Celine, likewise, changed from the romantic into the cynic. In Before Sunrise she talked about the horror of learning that her grandmother settled romantically, and was caught up in the romance of an immediate poem and a vague gypsy fortune. In the sequel, she's jaded. The romance has gone, and where she once held a sense of whimsy, now she doesn't believe in anything -- ghosts, spirits, reincarnation, or God. "No, not at all," she says. "I was thinking for me it's better I don't romanticize things so much anymore. I was suffering so much all the time."
She's become closed off in her post-Jesse pain, choosing to fill the silence with anecdote upon anecdote as a wall from reality, and Jesse just listens. Where the absence of Celine has given Jesse some sort of hope, even if it does add further discontent within his marriage, it's made Celine physically recoil from love, finding it restrictive and suffocating.
Their mature selves manage to be both the characters we love, and new incarnations that are the result of their experiences. Their changes make sense, and help fuel the narrative forward.
On the page it sounds sappy. Two people talk about life and love all day. But it goes to show just how engaging any genre can be if done right. I was never keen on westerns until being dragged off to see The Proposition at TIFF, and Before Sunset seems to work similarly with the romance-phobic. It works because the talent involved knows how to balance aspects. Any fantasy is only as good as the reality linked to it, and they realize that. Though their romantic meeting is ideal, and their reunion is the stuff of created fate, they still feel like us, trying to make the most of their lives. It's not a happily ever after romance with castles and horses. It's one that almost seems in our reach.

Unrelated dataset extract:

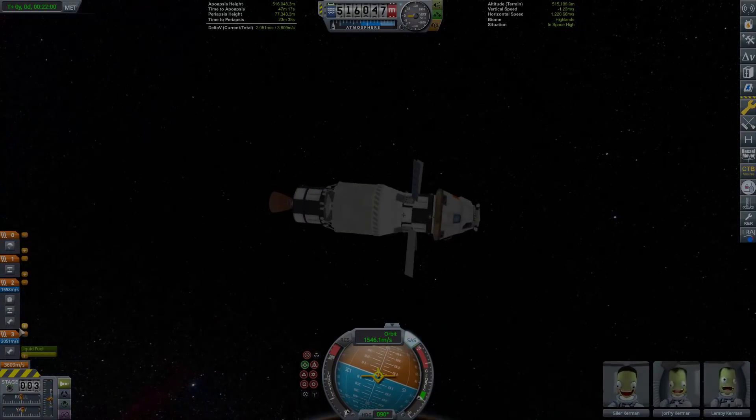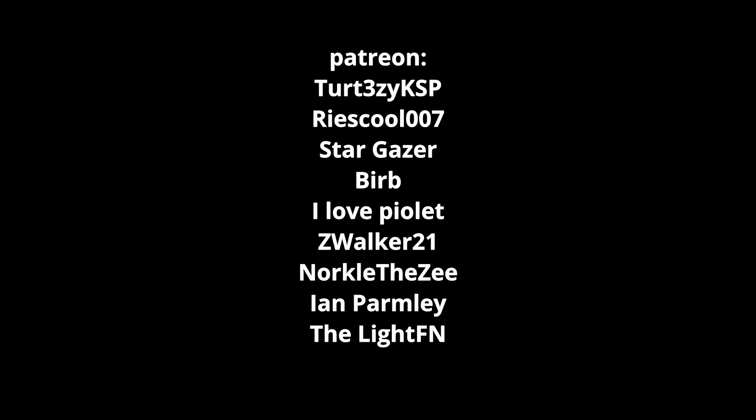Thank you to all the members and patrons. Thank you for watching the video — please leave a comment, and we'll see you next time. Bye!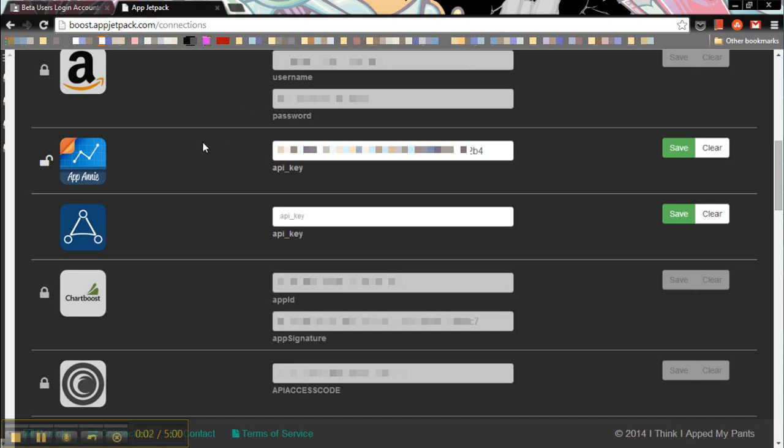Hey guys, welcome to App Jetpack. Today I'm going to show you how to get your API key for applovin.com.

Perhaps that's dangerous, giving us hope for something that might not exist, but it's a sweet, compelling experience all the same.
- It's been six years since the film has been released, which means that we're facing another potential sequel if they continue the series. Should there be a third part? What can and should the couple experience now?
- Is it possible that ending ambiguity isn't the problem with sequels, but how that ambiguity is treated? Though some complain about answer that which should remain ambiguous, Sunset certainly improved on the first film, though it answered the remaining will-they-or-won't-they question.
- What do you think makes the romance so magical, and the film so well-received?
- Before Sunset used real time to great success. Is this something filmmakers should use more, or was it simply right for this particular story?